Artikel 7 Zittingsduur

  • 1.

    De voorzitter en de leden van de commissie worden benoemd voor een periode van vier jaar. Zij kunnen tweemaal voor een periode van maximaal vier jaar worden herbenoemd.

  • 2.

    De commissie maakt een rooster van aftreden.

  • 3.

    De voorzitter en de leden van de commissie kunnen op elk moment ontslag nemen.

  • 4.

    De aftredende voorzitter en de aftredende leden van de commissie blijven hun functie vervullen totdat in de opvolging is voorzien.

Artikel 8 Vergoeding

  • 1.

    De voorzitter en de leden van de commissie ontvangen een vergoeding voor het bijwonen van een vergadering van de commissie, alsmede een reiskostenvergoeding.

  • 2.

    De vergoeding voor het bijwonen van een vergadering bedraagt voor de voorzitter van de vergadering 275% en voor de leden 175% van het bedrag, genoemd in Tabel IV bij het Rechtspositiebesluit raads- en commissieleden, voor de gemeenteklasse 20.001 – 50.000 inwoners, zoals deze geldt ten tijde van de betreffende vergadering.

  • 3.

    De reiskostenvergoeding bedraagt de maximaal door de Belastingdienst vrijgestelde kilometervergoeding.

Artikel 9 Procedure

  • 1.

    De werknemer start een procedure voor de commissie met de toezending van een brief aan het secretariaat.

  • 2.

    De brief vermeldt in ieder geval:

    • de naam en het adres van de werknemer,

    • de beslissing – of het achterwege blijven daarvan – die ten grondslag ligt aan het geschil,

    • een heldere omschrijving van de feiten die tot het geschil hebben geleid en

    • een duidelijke conclusie en/of verzoek.

  • 3.

    Als de brief niet aan deze vereisten voldoet, geeft de commissie de

  • werknemer de gelegenheid om de brief aan te vullen.

  • 4.

    De procedure wordt gevoerd in de Nederlandse taal.

  • 5.

    De werknemer kan zich tijdens de gehele procedure laten bijstaan door een vertrouwenspersoon, zoals een vakbondsadviseur, collega, advocaat of medewerker van een rechtshulpverzekeraar.
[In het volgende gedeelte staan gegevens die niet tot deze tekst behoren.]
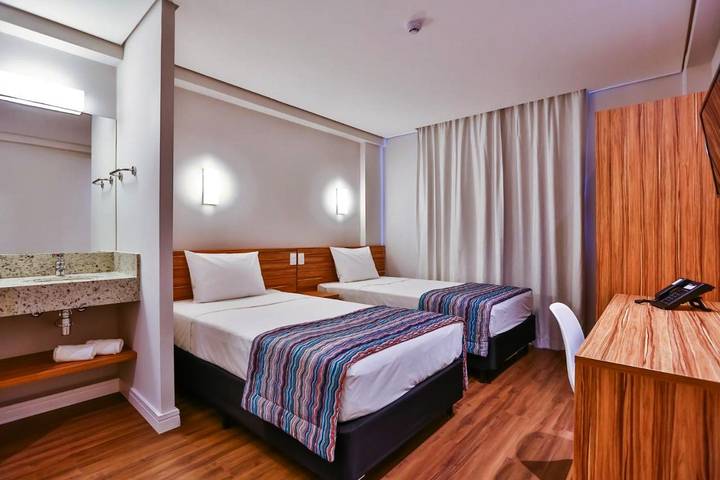 Pousadas para 4 pessoas em Maringá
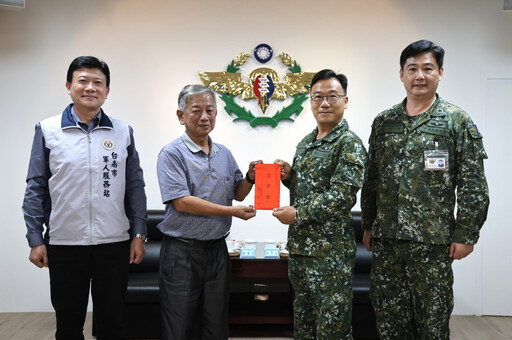 台南軍人服務站陪同里港文富食品慰訪航特部 感謝國軍辛苦奉獻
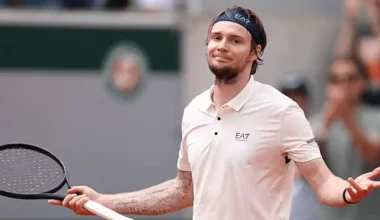 Бублик обыграл Чилича и вышел во второй круг US Open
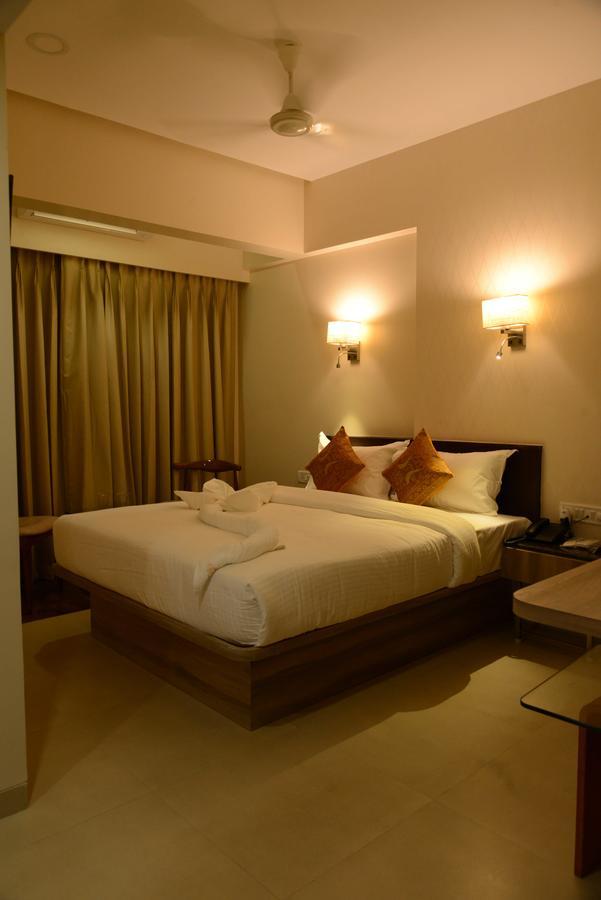 The Myriad Hotel Bhayandar Exterior foto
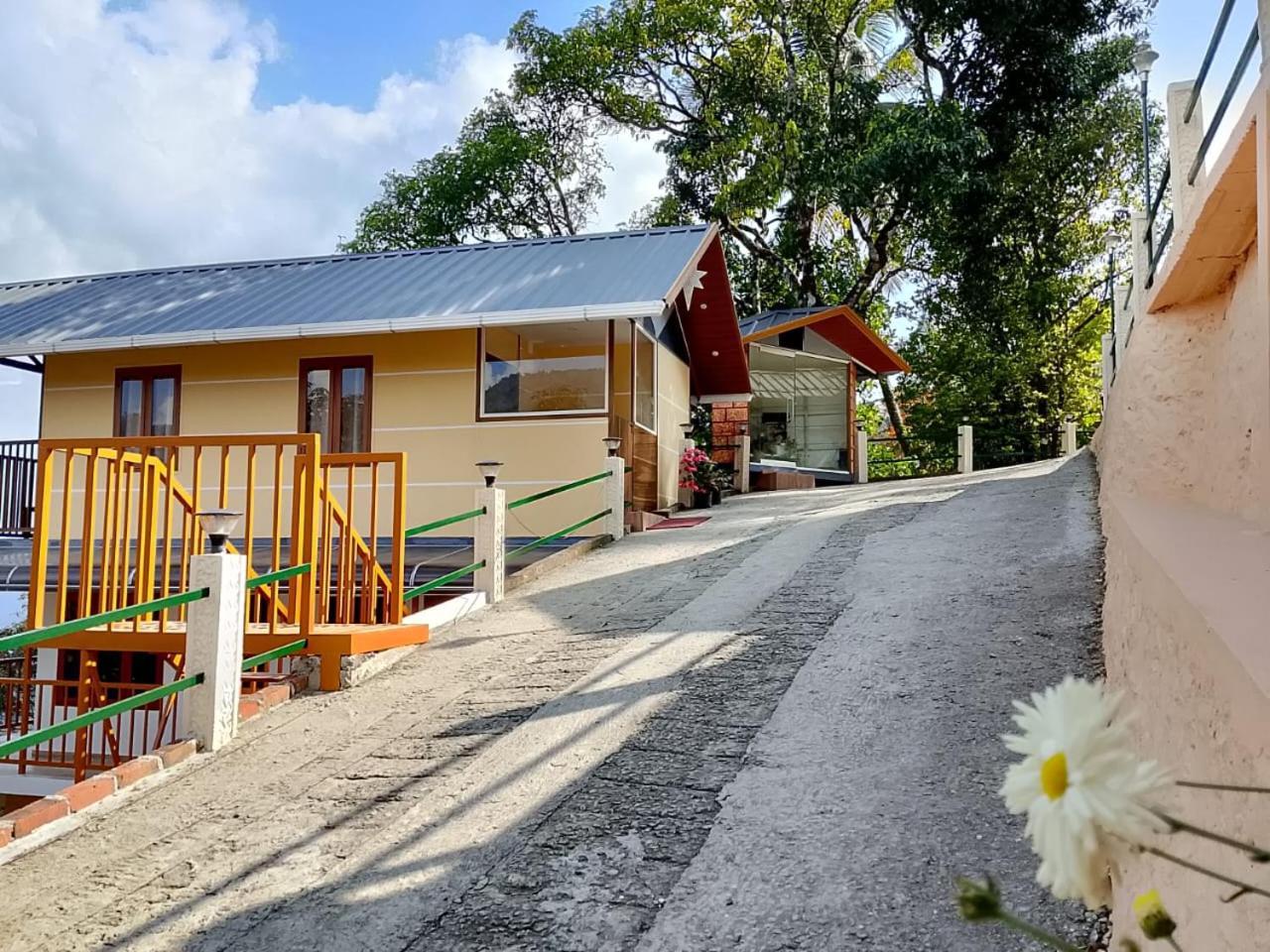 Cloudscape Homestay Pīrmed エクステリア 写真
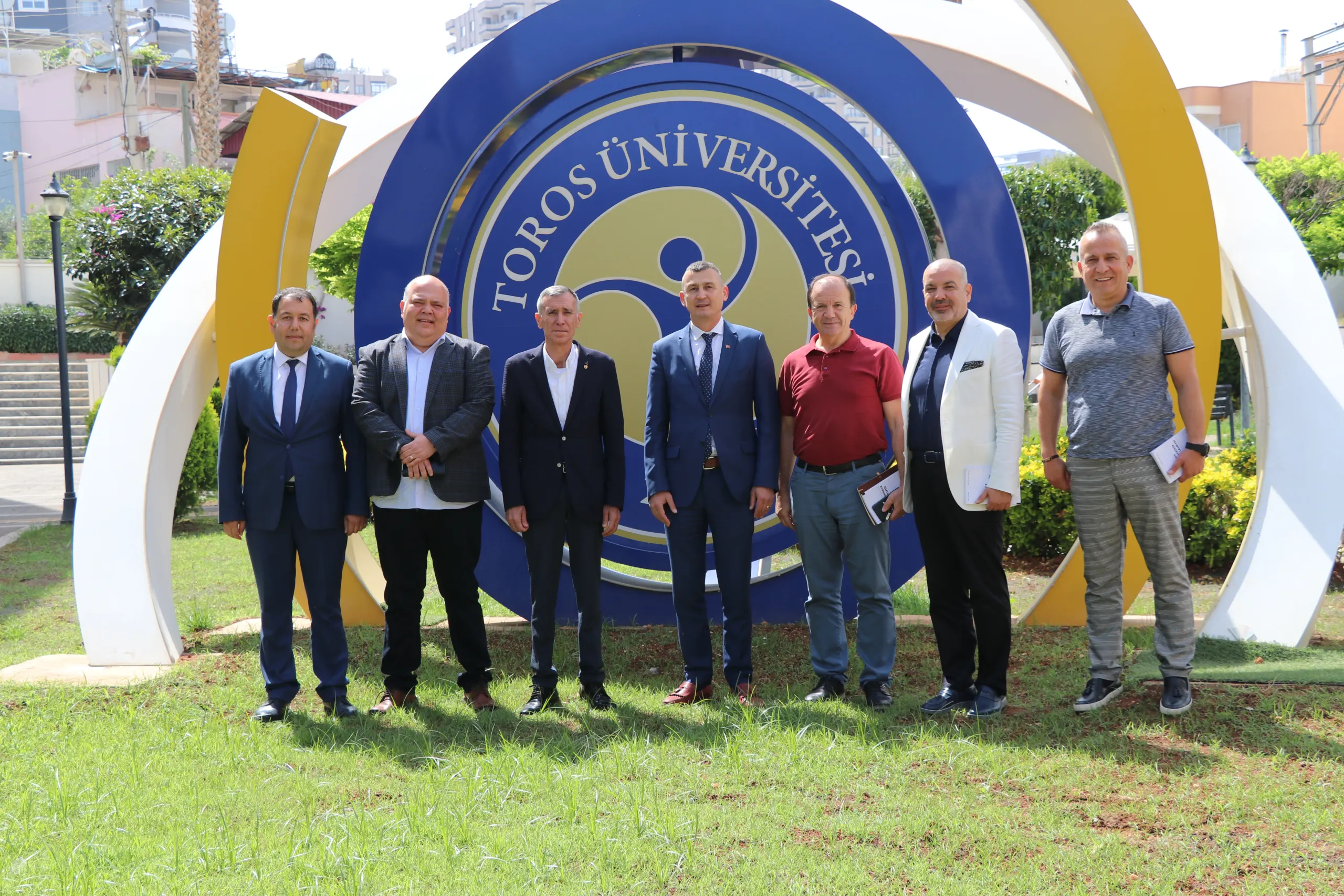Toros Üniversitesi ve Erdemli Ticaret ve Sanayi Odası arasında İşbirliği Protokolü İmzaladı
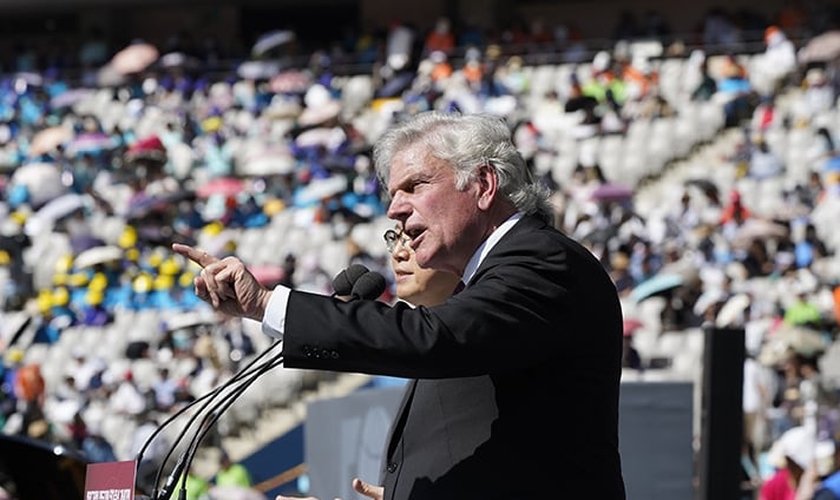 Franklin Graham ministrando a Palavra de Deus. (Foto: Reprodução/BGEA)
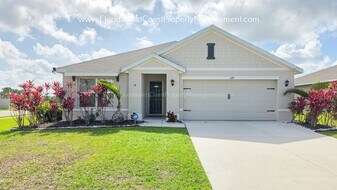 12171 Kingsley Trl in Parrish, FL - Building Photo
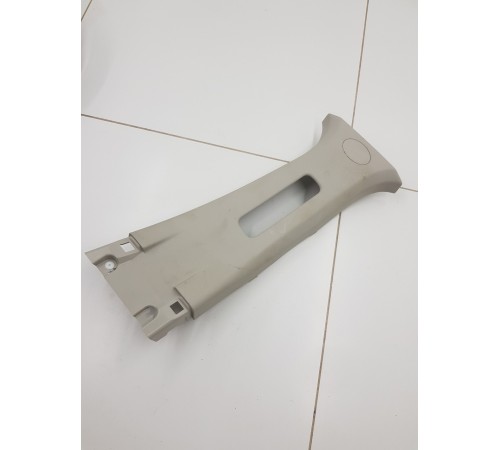 Обшивка центральной стойки правая верхняя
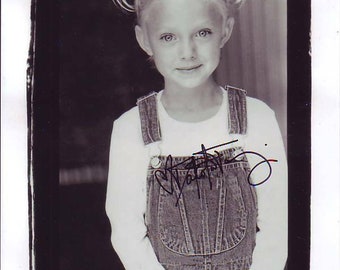 ダコタ・ファニング、サイン入り8x10写真 - Etsy 日本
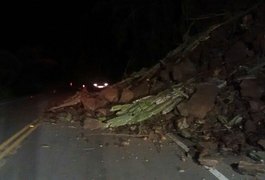 Barreira desaba e bloqueia parte da pista na AL-210, em Palmeira dos Índios, AL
De kosten voor die bijstand zijn voor rekening van de werknemer.

  • 6.

    De procedure schort de werking van de bestreden beslissing niet op.

  • 7.

    Het secretariaat bevestigt de ontvangst van de brief en zendt een kopie van de brief aan de commissie en de werkgever.

  • 8.

    Nadat de brief volledig is ingediend, kan de commissie de werkgever verzoeken om een tijdelijke maatregel te treffen.

  • 9.

    Als de brief richt tegen de individuele toepassing van een functiewaarderingssysteem, stuurt het secretariaat aan het team Advies/HR een kopie van de brief met het verzoek om een schriftelijk deskundigenadvies uit te brengen.

  • 10.

    De werkgever kan binnen vier weken na toezending van de brief door het secretariaat, of het deskundigenadvies als het geschil over functiewaardering gaat, een verweerschrift aan het secretariaat sturen. Het secretariaat zendt een kopie van het verweerschrift aan de commissie en de werknemer. De voorzitter kan de werknemer daarna vragen om een schriftelijke reactie, waarna ook de werkgever weer schriftelijk mag reageren, steeds met een termijn van maximaal twee weken.

  • 11.

    Het secretariaat zendt kopieën van de reacties aan de commissieleden en de andere partij.

  • 12.

    Binnen vier weken na de schriftelijke voorbereiding stelt de voorzitter plaats en tijdstip vast voor de mondelinge behandeling.

  • 13.

    De commissie kan tijdens de mondelinge behandeling ook anderen horen, als zij dat nodig vindt. Ook de werkgever en de werknemer kunnen getuigen of deskundigen voordragen om tijdens de mondelinge behandeling door de commissie te worden gehoord. Een verzoek daartoe moet uiterlijk twee weken voor de mondelinge behandeling bij het secretariaat worden ingediend. De commissie neemt hierover een besluit. Het secretariaat informeert de werkgever en de werknemer als getuigen of deskundigen worden gehoord tijdens de mondelinge behandeling.

  • 14.

    De commissie kan meerdere geschillen gecombineerd behandelen.

  • 15.

    De mondelinge behandeling is niet openbaar, tenzij de commissie anders bepaalt en de werknemer en de werkgever daar geen bezwaar tegen hebben.

  • 16.

    Tijdens de mondelinge behandeling zal de commissie proberen een minnelijke schikking tussen de werkgever en de werknemer te bereiken. De commissie kan daartoe de behandeling aanhouden en partijen een termijn voor beraad geven.

  • 17.

    Als de behandeling niet tot overeenstemming tussen de werkgever en de werknemer leidt, doet de commissie binnen twee weken na de mondelinge behandeling uitspraak in de vorm van een schriftelijk, zwaarwegend advies aan de werkgever en de werknemer.

Artikel 10 Overig

  • 1.

    De werknemer die een geschil aan de commissie voorlegt, zal daardoor op geen enkele wijze in zijn positie bij de werkgever worden benadeeld. Dit geldt ook voor een werknemer die als vertrouwenspersoon, getuige of deskundige is betrokken bij een procedure.

  • 2.

    De commissie en de medewerkers werkzaam binnen het secretariaat zijn gehouden tot geheimhouding.

  • 3.

    De commissie kan van de bij deze regeling vastgestelde termijnen afwijken of

  • een betrokken partij afwijking daarvan toestaan. Het secretariaat informeert partijen over afwijkende termijnen.

  • 4.

    Als zich omstandigheden voordoen waarin dit reglement niet voorziet, beslist de commissie.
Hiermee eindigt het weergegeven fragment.